Problem details
A picture-free, exact reproduction of the listing that follows is required.

Records shown
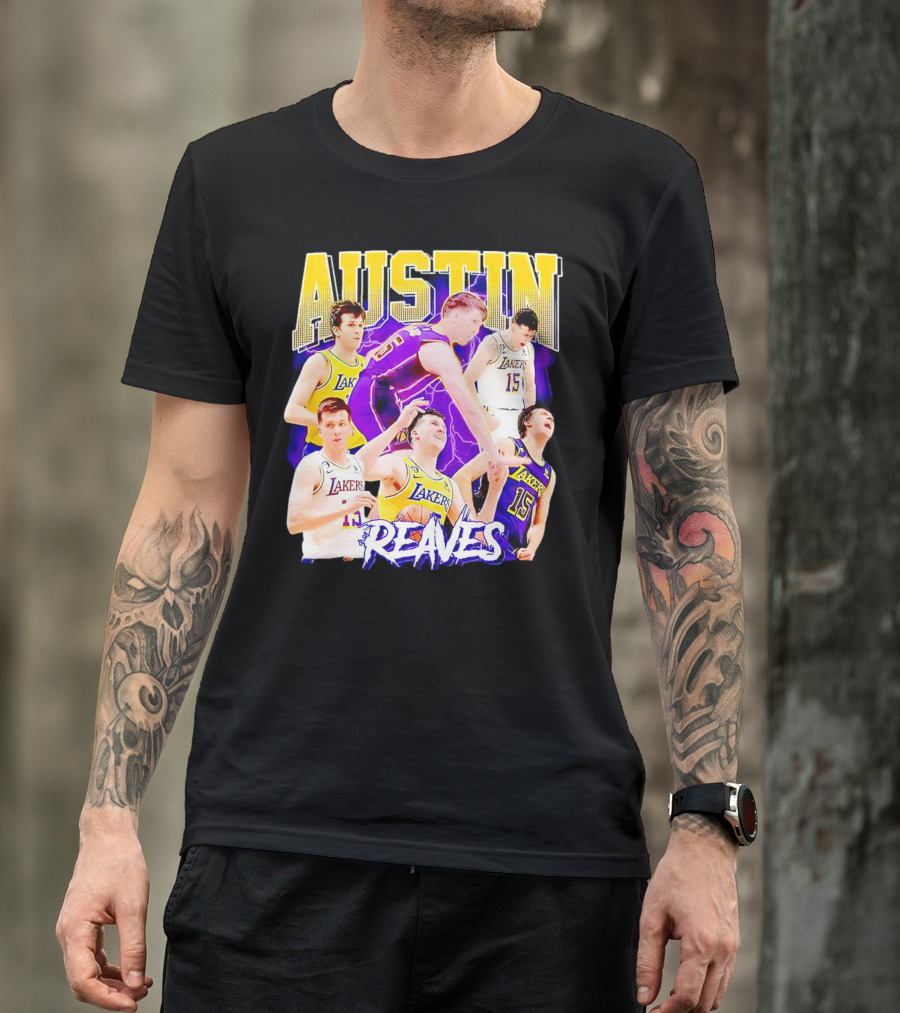 Austin Reaves Lakers Basketball Dynamic Action Collage T-Shirt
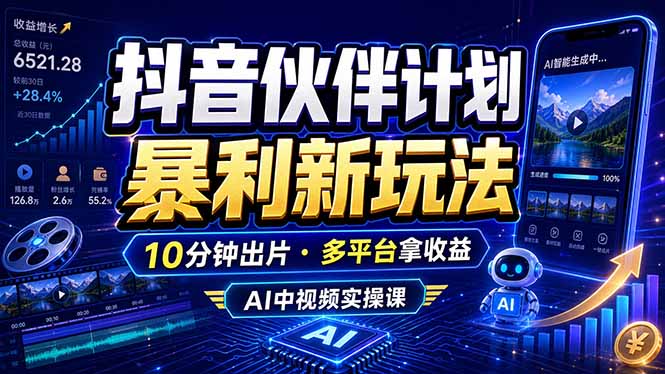 抖音伙伴计划最新玩法，无需配音剪辑，10分钟出一条原创视频，轻松日入三位数-吾爱云课堂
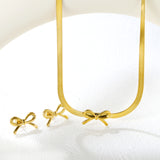 Bow Set Steel/Gold Earring: 12x20mm Pendant: 12x20mm 4mm Blade Chain 40+5cm+6mm Round Pendant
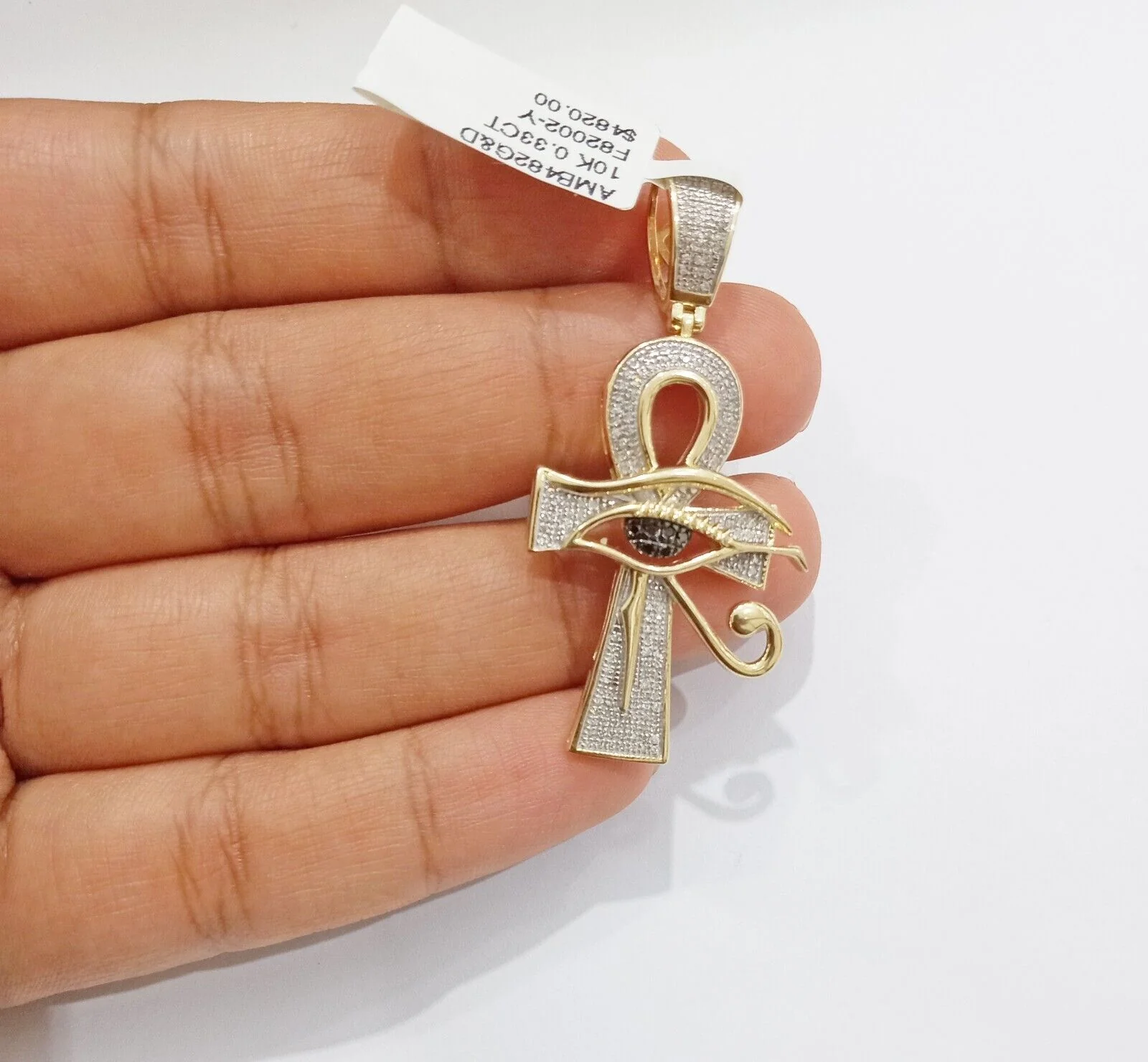 Evil Eye Charm Pendant Real 10K Yellow Gold Genuine Natural Diamond Ankh Cross - Image 2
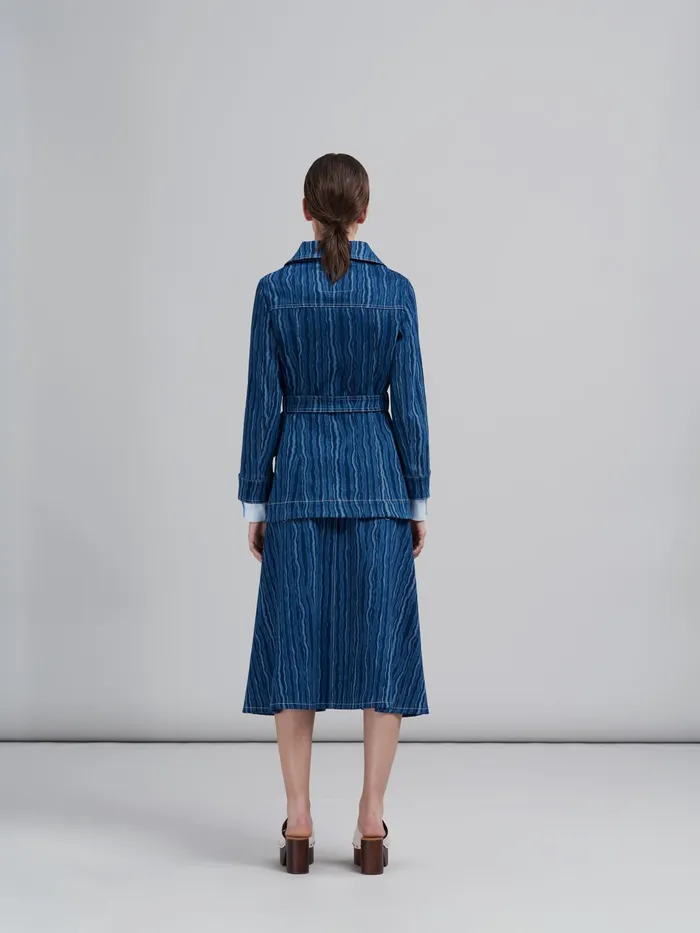 Marni Degrad Denim Safari Jacket Blublack Womens Coats and Jackets Marni Degrad Denim Safari Jacket Blublack Womens Coats and Jackets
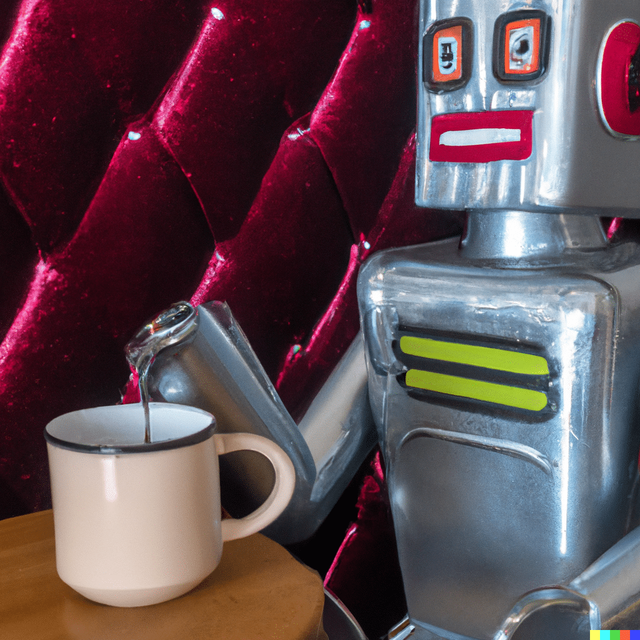DALL·E-2023-04-19-10.37.38-a-realistic-photo-of-a-vintage-midcentury-robot-drinking-coffee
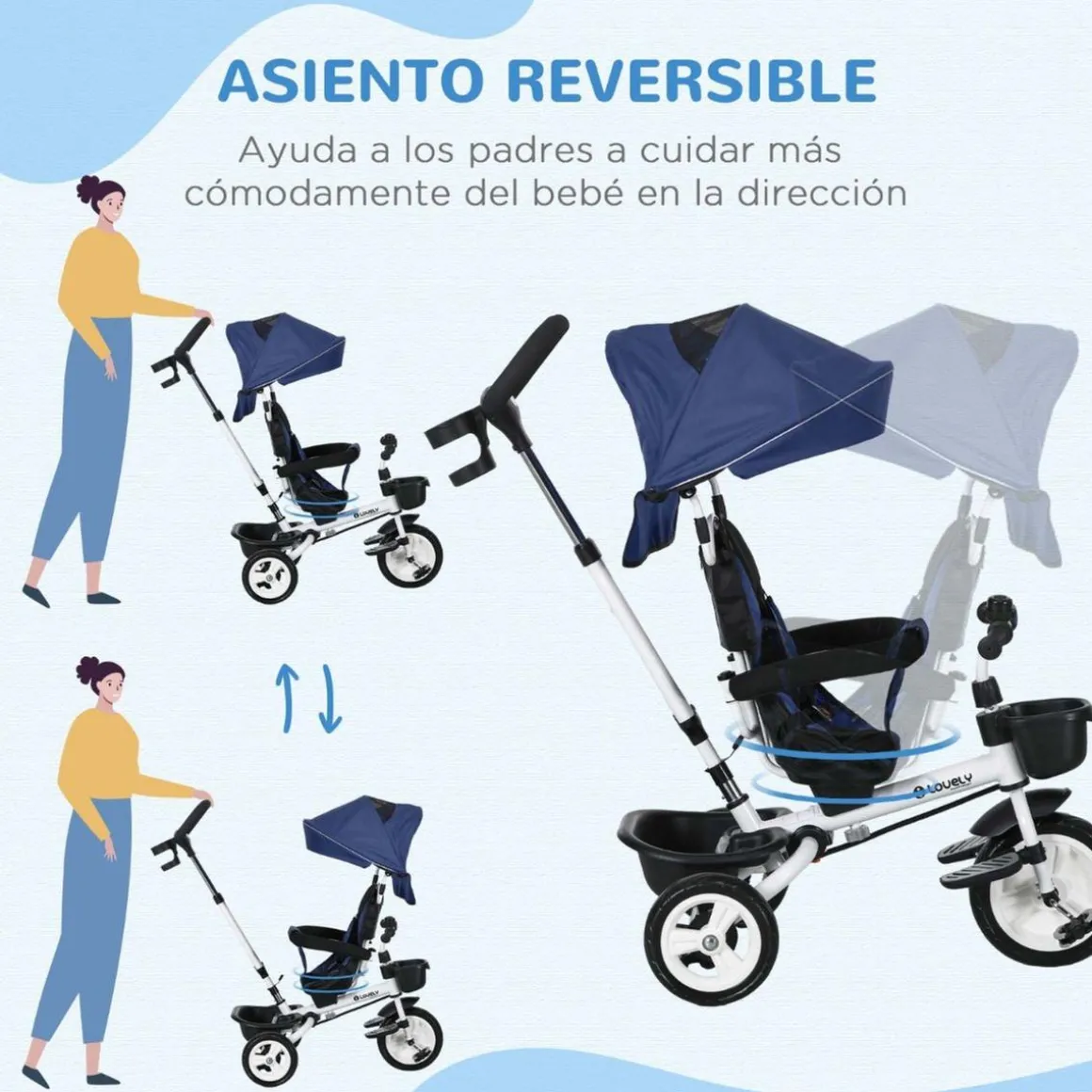 Homcom - Triciclo Evolutivo con Capota Reflectante - Azul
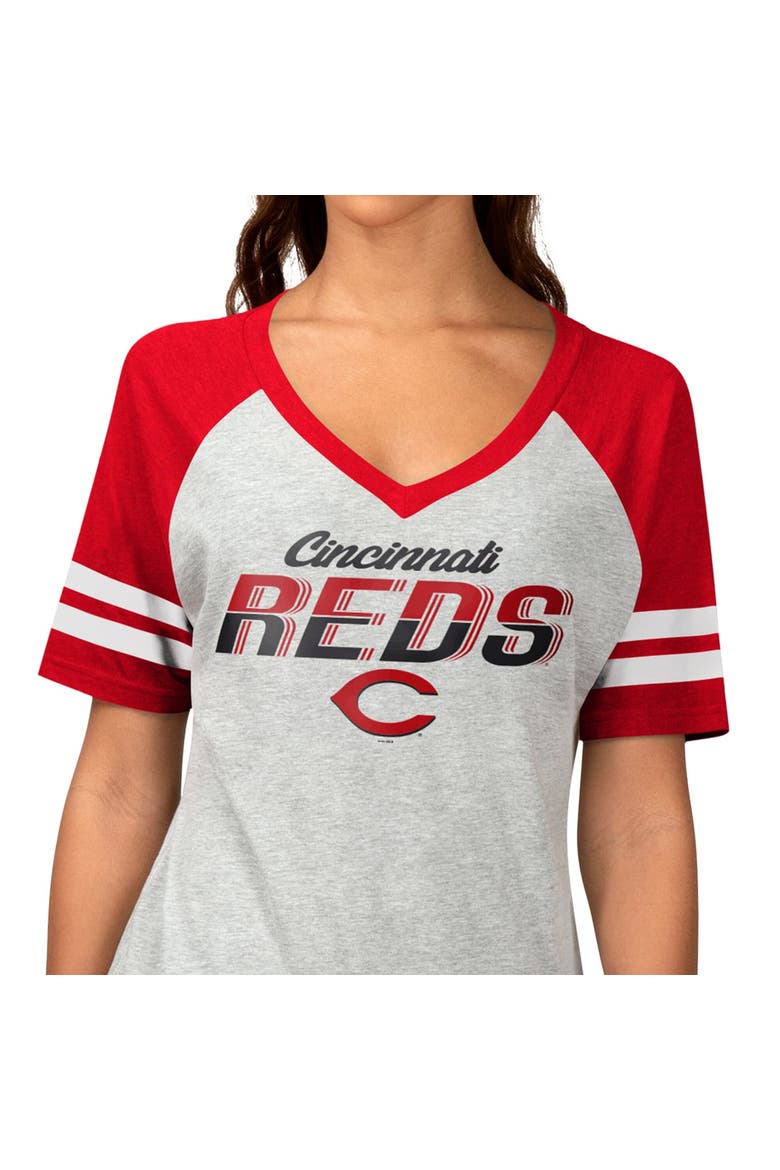 Women's G-III 4Her by Carl Banks Heather Gray Cincinnati Reds Goal Line Raglan V-Neck T-Shirt, Alternate, color, Heather Gray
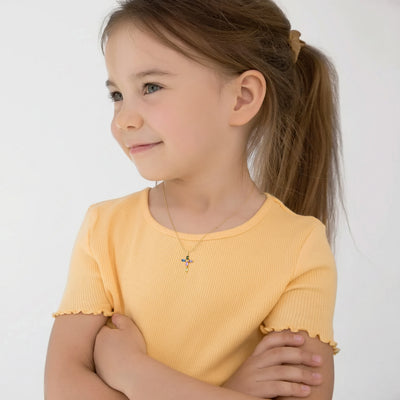 14k Gold Multi-Stone Cross CZ Kids / Children's / Girls Pendant/Necklace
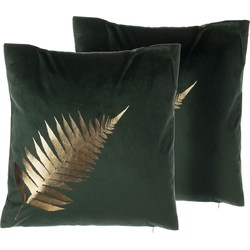 FERN  - Sierkussen set van 2 - Donkergroen - 45 x 45 cm - Fluweel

Solution
 Austin Reaves Lakers Basketball Dynamic Action Collage T-Shirt
 抖音伙伴计划最新玩法，无需配音剪辑，10分钟出一条原创视频，轻松日入三位数-吾爱云课堂
 Bow Set Steel/Gold Earring: 12x20mm Pendant: 12x20mm 4mm Blade Chain 40+5cm+6mm Round Pendant
 Evil Eye Charm Pendant Real 10K Yellow Gold Genuine Natural Diamond Ankh Cross - Image 2
 Marni Degrad Denim Safari Jacket Blublack Womens Coats and Jackets Marni Degrad Denim Safari Jacket Blublack Womens Coats and Jackets
DALL·E-2023-04-19-10.37.38-a-realistic-photo-of-a-vintage-midcentury-robot-drinking-coffee
 Homcom - Triciclo Evolutivo con Capota Reflectante - Azul
 Women's G-III 4Her by Carl Banks Heather Gray Cincinnati Reds Goal Line Raglan V-Neck T-Shirt, Alternate, color, Heather Gray
 14k Gold Multi-Stone Cross CZ Kids / Children's / Girls Pendant/Necklace
 FERN  - Sierkussen set van 2 - Donkergroen - 45 x 45 cm - Fluweel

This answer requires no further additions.